[Opening Supplied data section]
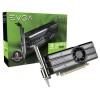 EVGA SC GeForce GT 1030 2GB GDDR5 Low Profile Graphics Card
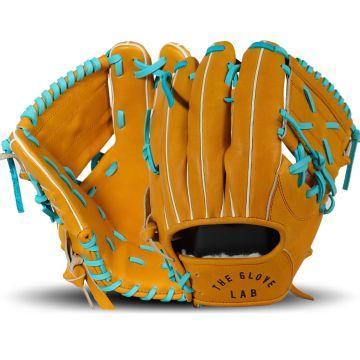 ActiveGearAdvisor.com for baseball gloves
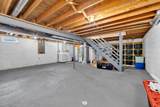 6432 Ashbrook Village Drive - Photo 43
[Closing Supplied data section]
-- Task details --
Please repeat all of the data exactly as it stands, leaving the pictures out.

-- Answer for the task --
 EVGA SC GeForce GT 1030 2GB GDDR5 Low Profile Graphics Card
 ActiveGearAdvisor.com for baseball gloves
 6432 Ashbrook Village Drive - Photo 43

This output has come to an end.